Since I became a photographer one of my ambitions was to take portrait shots of birds from up close. Such shots posted by leading wildlife photographers on their social channels captivated my attention and only served to urge me on to shoot some of my own. But the question and it was a big one, how was I to get close enough? I had heard about hides but never had the opportunity to see one or shoot from inside one. But as they say, opportunities open up at the most unexpected moments! A lesson I learned early in my quest and the one reason my photography equipment is always stored in my car boot.
On a recent holiday to Hampi, a popular destination for tourists to soak in the ruins of ancient India, I casually inquired on one of the many Whatsapp groups that I belong to about birding in Hampi. I promptly received two references. A telephone call, and a reference later, I had a session scheduled for the next morning. I started at 5:30 am, drove 12 kilometres out of this sleepy town to meet my messiah at a traffic junction. The lovely man waiting for me ushered me down a small pathway between two village houses leading to a modern construction – a future guest house for wildlife photographers. The room had a display filled with wildlife and photography magazines. Breakfast was laid out on a dining table at which sat a young photographer on a similar mission as me, assembling his gear with the finesse of a soldier assembling his weapon. The plan was for both of us to be to be taken into the forest another 10 kilometres in.
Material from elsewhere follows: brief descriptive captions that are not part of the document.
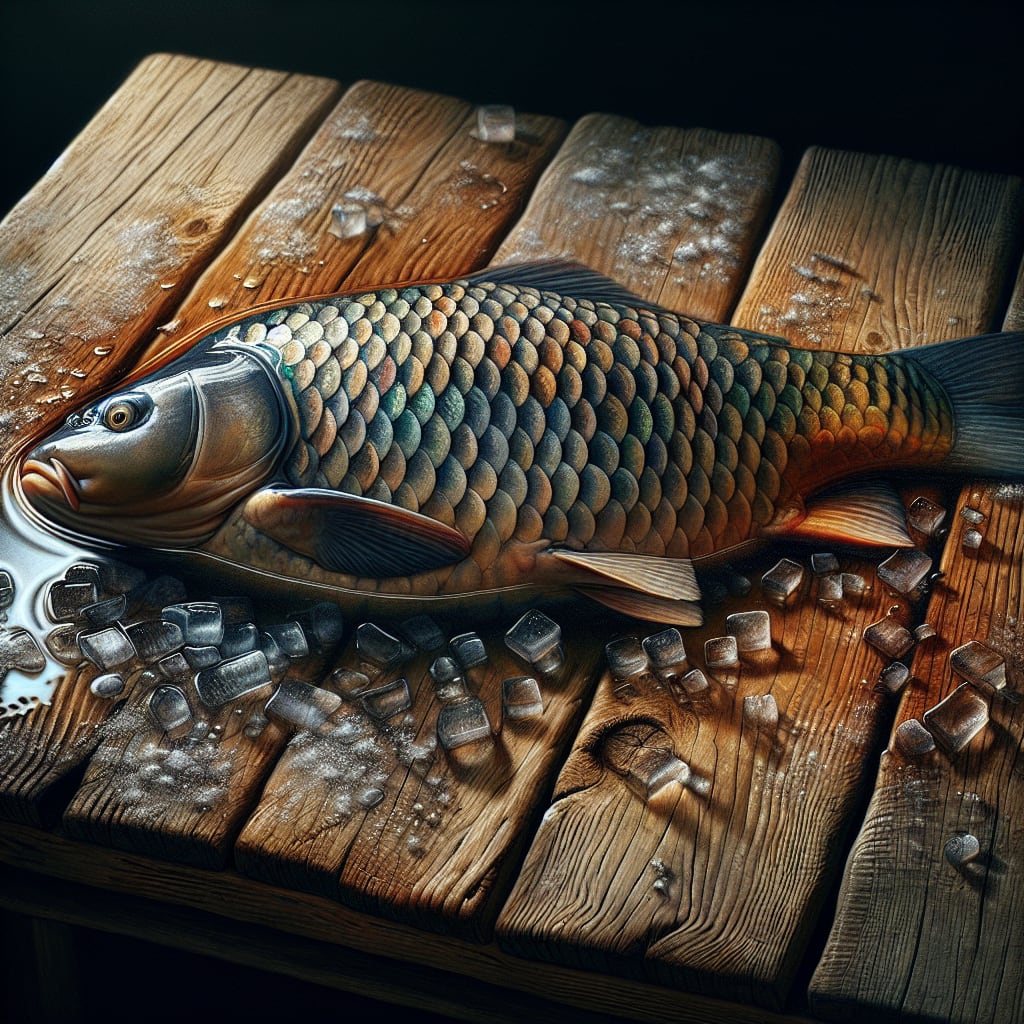 howme an inadequately stored carp (melting ice cubes)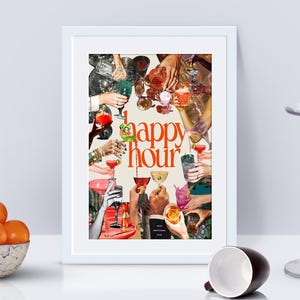 Happy Hour Cocktail Poster: Vibrant Drinks Bar Cart Art (Digital Download)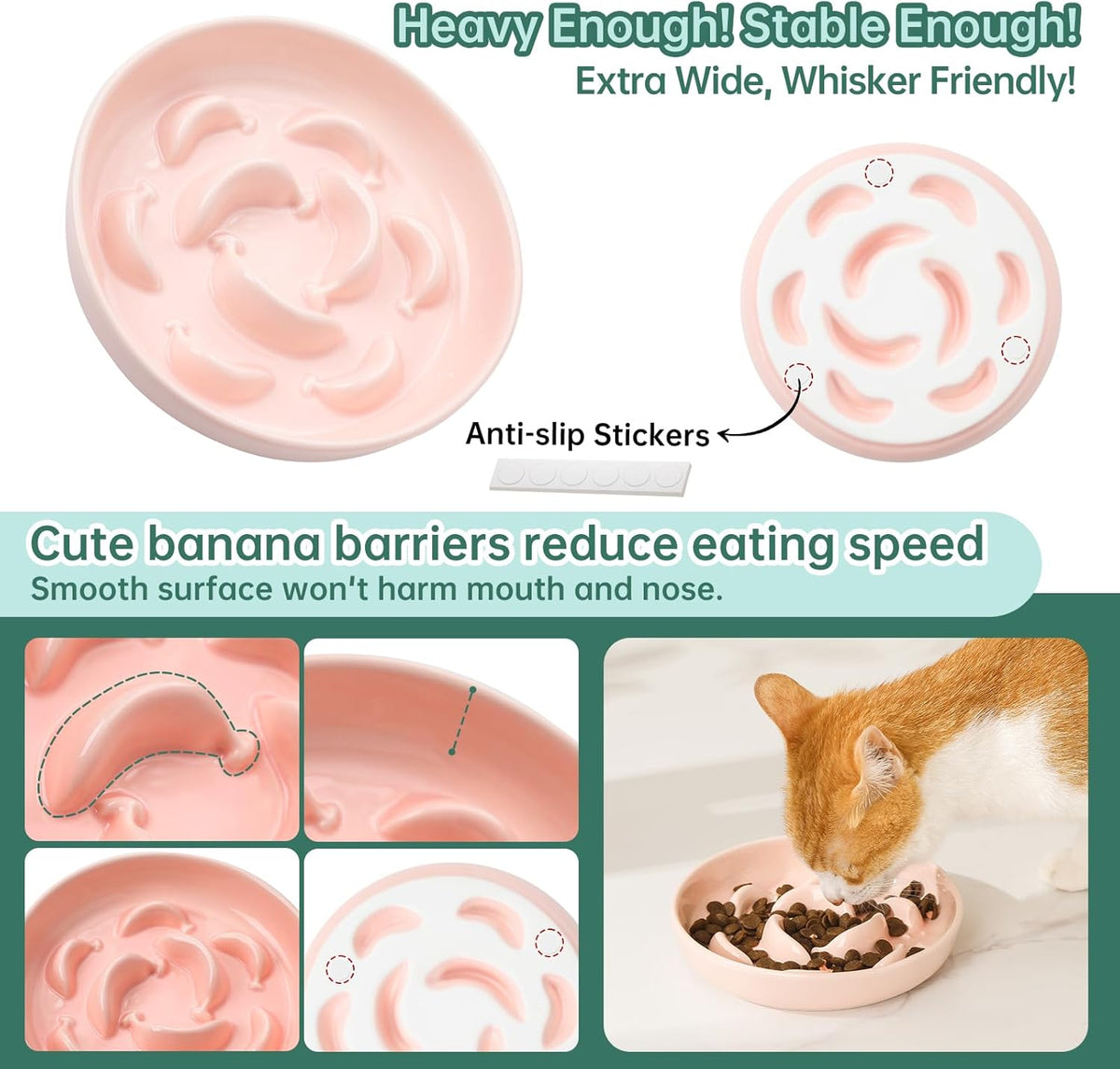 Ceramic Cat Slow Feeder Bowl - Pastel Series Cat Plate for Dry and Wet Food - Cute Maze Feeder Dish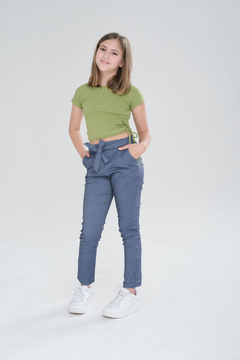 REMERA CON TIRAS PISTACHO - comprar online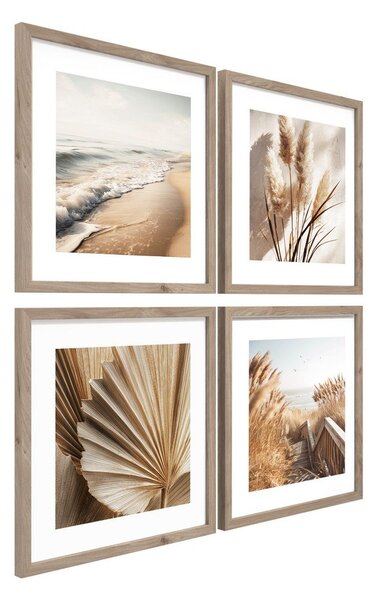 Tištěné obrazy v sadě 4 ks s rámem 30x30 cm Boho Dreams – Styler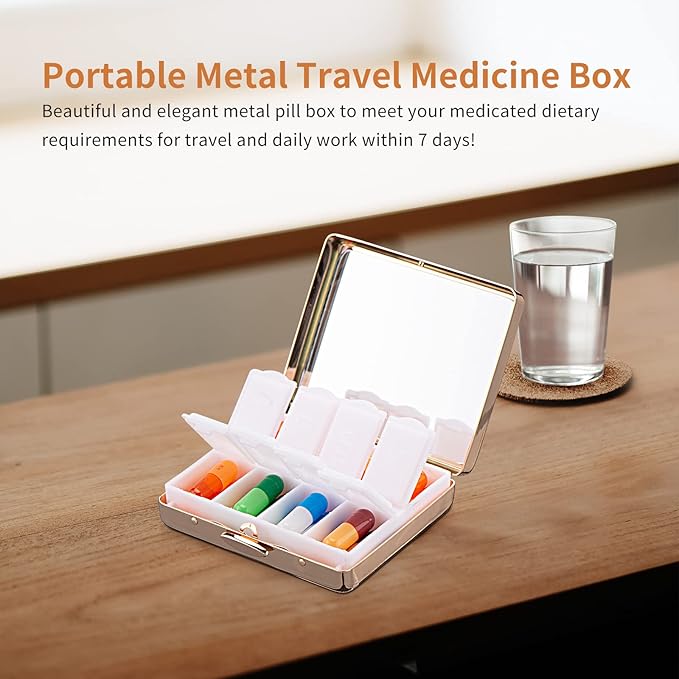 Portable Metal Travel Medicine Box with a Mirror / 8 Compartments (Gold)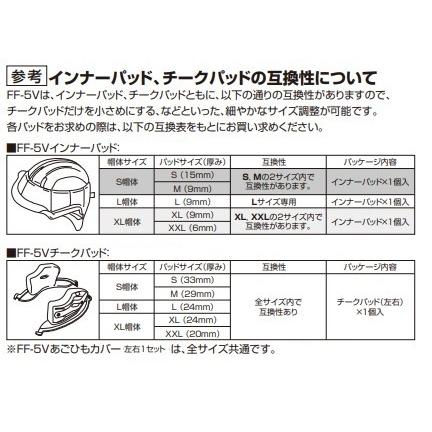 OGK KABUTO オージーケーカブト FF-5V [エフエフ・ファイブブイ] インナーパッド 【補修・オプションパーツ】 サイズ：XL (9mm) ヘルメット内装センターパッド | OGK Kabuto | 01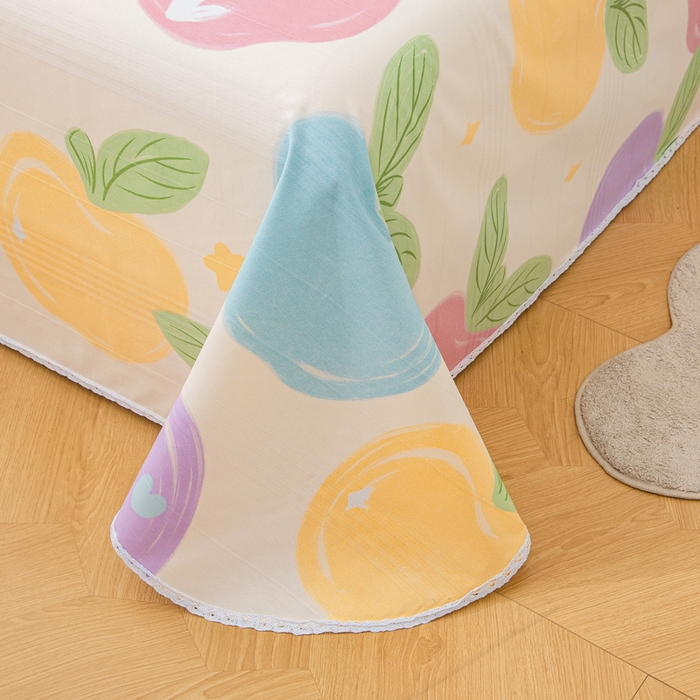 91家纺网 家纺一手货源 找家纺 首爱 2025新款五幅段床单 苹果乐园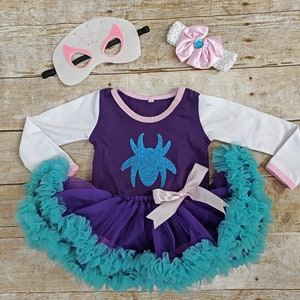 Ghost spider dress, Spidey and his amazing friends outfit, Spider girl Superhero Halloween costume. Ghostspider costume,  Spider tutu dress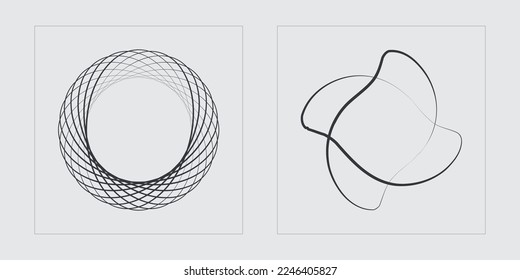 Set of Y2K style vectors of objects. Rave psychedelic retro futuristic set. Elements for graphic decoration. Futuristic. Vector illustration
We set out immediately after gulping down the delicious breakfast laid out by our kind host. We were guided to the hide – literally a tiny makeshift structure with two small, square holes cut out for the telephoto lenses. The hut was so tiny, there was barely room for one let alone two. Hides are deliberately constructed as small and as natural as possible. The smaller and less obtrusive a hide, the more readily it will be accepted by the birds. Hides are also situated to ensure there is enough natural light and from the right direction. Our host pointed us to the two stools and told us to get our equipment set up. Dawn was breaking and the party was about to get started! Outdoor photography is always best during the golden hours and the light just seemed perfect. Even then I was very anxious, fidgeting constantly – watching the light change intensity, adjusting the settings to ensure a healthy shutter speed and waiting for my coveted shot.
I didn’t know how much longer I could sit still when out walked a Grey Francolin, a Painted Spurfowl and some Peacocks and as casually as you’d have it they started feeding, oblivious to the hide, to the sound of the shutter, to me. The birds were in perfect light and I couldn’t have asked for a better setting. This photograph of a Grey Francolin strutting around was one of the first images I ever took from a hide.